**EXERCISE AIM**
Could you transcribe exactly the lines below, from the line with "Fast-track into the" through the line with "Low miles means", and nothing else, leaving out the pictures?

**EXERCISE DATA**
-*-

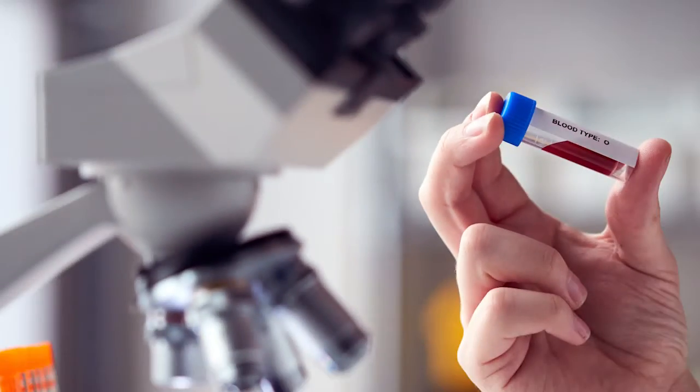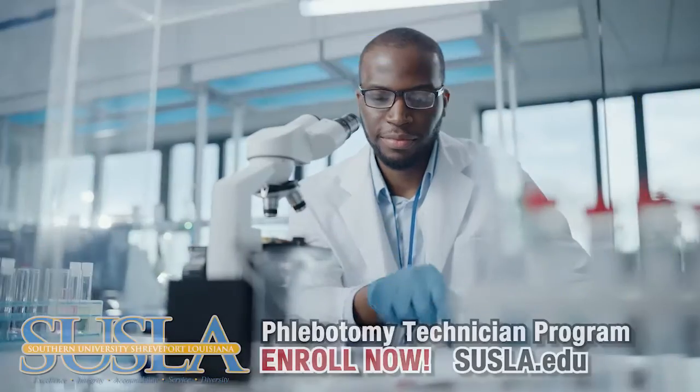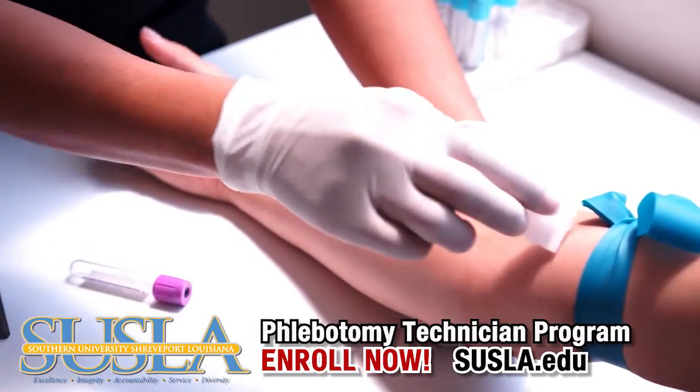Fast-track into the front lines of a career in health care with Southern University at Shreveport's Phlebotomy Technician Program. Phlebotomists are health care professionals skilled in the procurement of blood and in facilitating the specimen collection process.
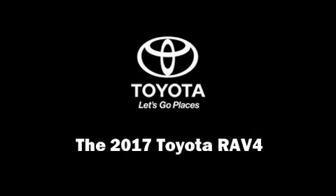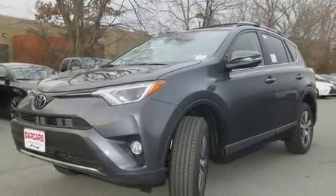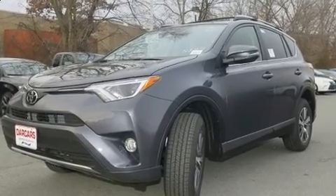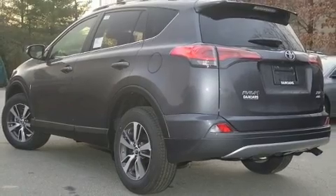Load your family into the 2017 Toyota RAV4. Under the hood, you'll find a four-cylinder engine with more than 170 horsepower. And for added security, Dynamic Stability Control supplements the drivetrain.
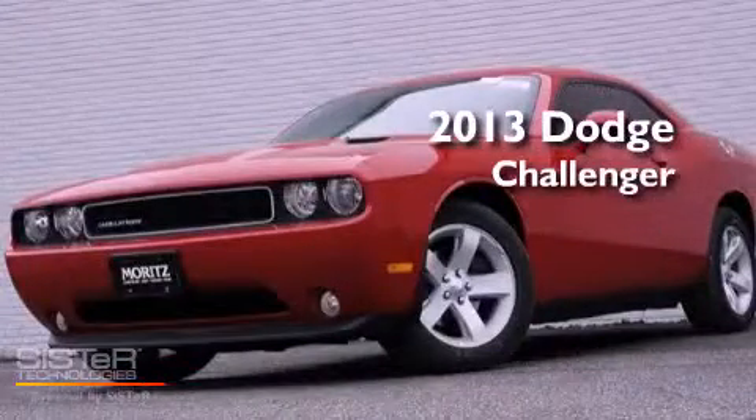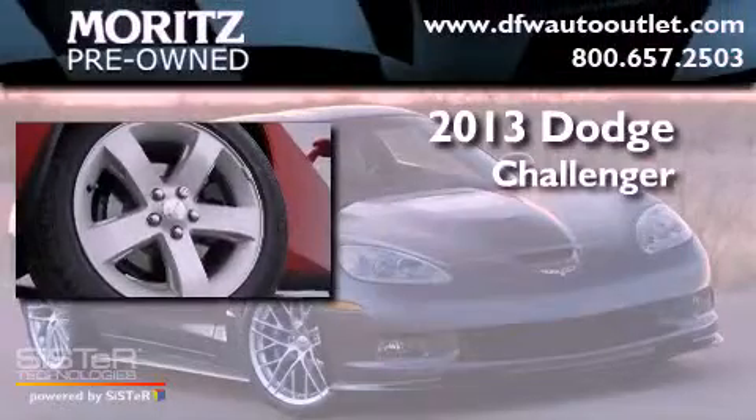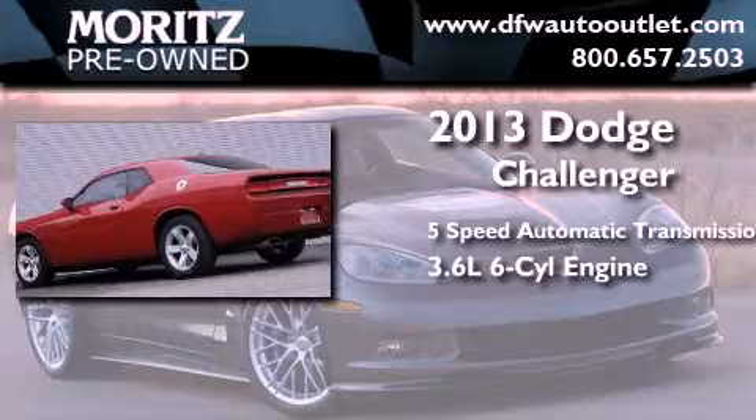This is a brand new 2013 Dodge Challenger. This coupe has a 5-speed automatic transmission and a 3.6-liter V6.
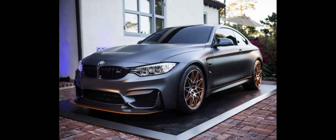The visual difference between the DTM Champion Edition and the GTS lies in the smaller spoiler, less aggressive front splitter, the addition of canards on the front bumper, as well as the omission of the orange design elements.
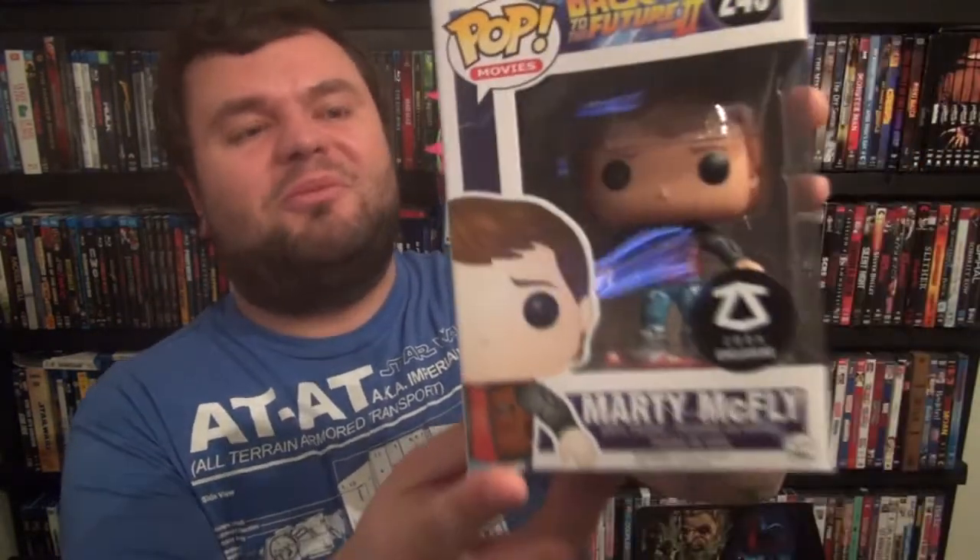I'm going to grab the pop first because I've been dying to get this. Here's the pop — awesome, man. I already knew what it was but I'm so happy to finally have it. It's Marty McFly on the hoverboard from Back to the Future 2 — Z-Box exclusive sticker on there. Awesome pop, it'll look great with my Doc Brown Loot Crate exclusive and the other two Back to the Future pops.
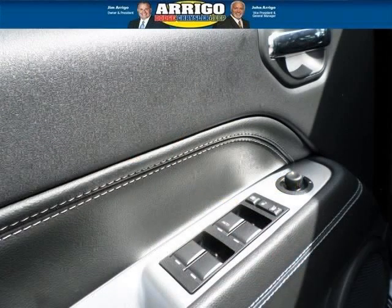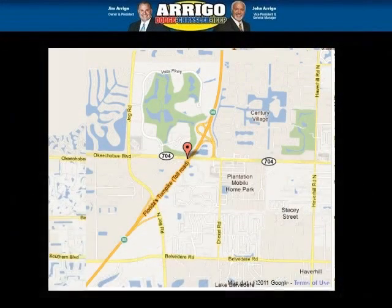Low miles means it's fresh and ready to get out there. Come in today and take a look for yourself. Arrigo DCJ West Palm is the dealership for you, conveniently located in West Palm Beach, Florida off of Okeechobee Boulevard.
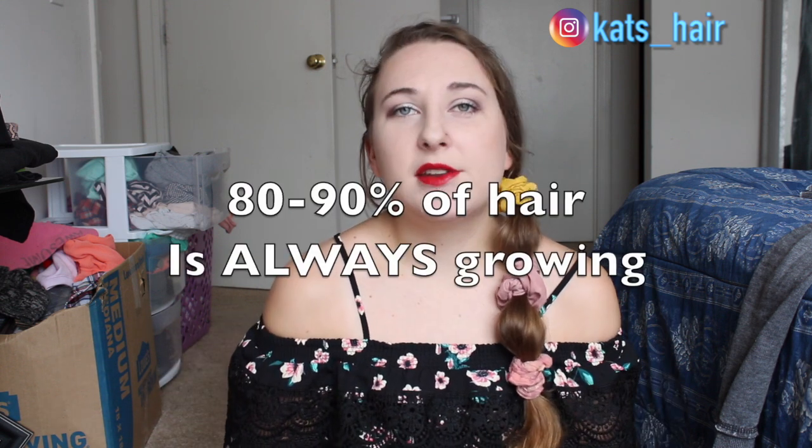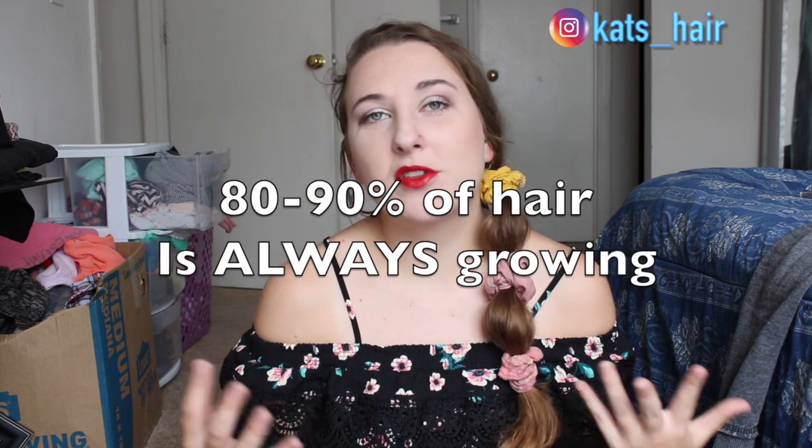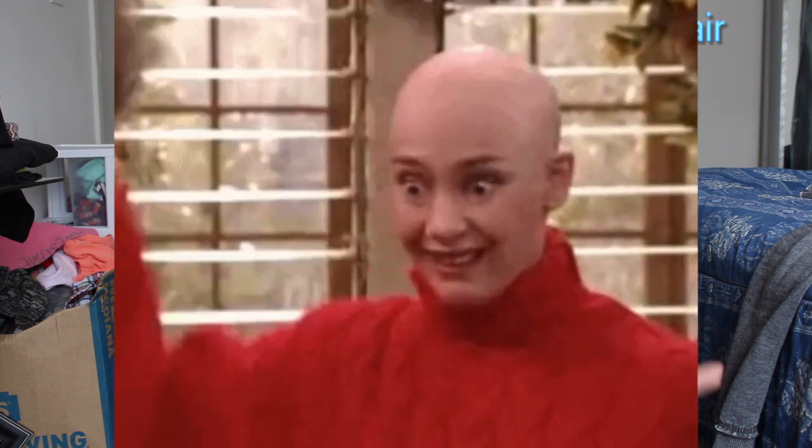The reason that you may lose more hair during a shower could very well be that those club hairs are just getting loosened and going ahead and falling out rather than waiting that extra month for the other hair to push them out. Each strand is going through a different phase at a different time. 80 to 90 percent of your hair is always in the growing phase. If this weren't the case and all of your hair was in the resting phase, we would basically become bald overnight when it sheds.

-*-

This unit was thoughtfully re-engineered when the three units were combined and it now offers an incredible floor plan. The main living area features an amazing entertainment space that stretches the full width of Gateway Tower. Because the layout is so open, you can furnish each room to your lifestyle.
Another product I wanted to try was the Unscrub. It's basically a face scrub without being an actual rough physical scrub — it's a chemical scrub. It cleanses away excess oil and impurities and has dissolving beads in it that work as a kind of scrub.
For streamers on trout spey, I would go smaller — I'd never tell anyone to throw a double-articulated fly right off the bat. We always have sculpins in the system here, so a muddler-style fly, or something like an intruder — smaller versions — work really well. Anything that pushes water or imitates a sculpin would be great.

-*-

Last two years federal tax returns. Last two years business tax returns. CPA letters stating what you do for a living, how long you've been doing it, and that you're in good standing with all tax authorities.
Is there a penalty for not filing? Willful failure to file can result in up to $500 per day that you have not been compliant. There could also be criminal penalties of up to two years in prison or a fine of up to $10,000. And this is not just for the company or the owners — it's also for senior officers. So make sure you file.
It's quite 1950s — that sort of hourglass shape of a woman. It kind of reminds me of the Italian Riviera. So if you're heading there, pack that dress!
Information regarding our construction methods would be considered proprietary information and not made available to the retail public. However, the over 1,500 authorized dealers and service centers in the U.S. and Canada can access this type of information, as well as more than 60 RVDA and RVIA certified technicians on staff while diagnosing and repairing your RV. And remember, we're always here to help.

-*-

**SOLUTION TO THE PROBLEM**
Fast-track into the front lines of a career in health care with Southern University at Shreveport's Phlebotomy Technician Program. Phlebotomists are health care professionals skilled in the procurement of blood and in facilitating the specimen collection process.
Load your family into the 2017 Toyota RAV4. Under the hood, you'll find a four-cylinder engine with more than 170 horsepower. And for added security, Dynamic Stability Control supplements the drivetrain.
This is a brand new 2013 Dodge Challenger. This coupe has a 5-speed automatic transmission and a 3.6-liter V6.
The visual difference between the DTM Champion Edition and the GTS lies in the smaller spoiler, less aggressive front splitter, the addition of canards on the front bumper, as well as the omission of the orange design elements.
I'm going to grab the pop first because I've been dying to get this. Here's the pop — awesome, man. I already knew what it was but I'm so happy to finally have it. It's Marty McFly on the hoverboard from Back to the Future 2 — Z-Box exclusive sticker on there. Awesome pop, it'll look great with my Doc Brown Loot Crate exclusive and the other two Back to the Future pops.
Low miles means it's fresh and ready to get out there. Come in today and take a look for yourself. Arrigo DCJ West Palm is the dealership for you, conveniently located in West Palm Beach, Florida off of Okeechobee Boulevard.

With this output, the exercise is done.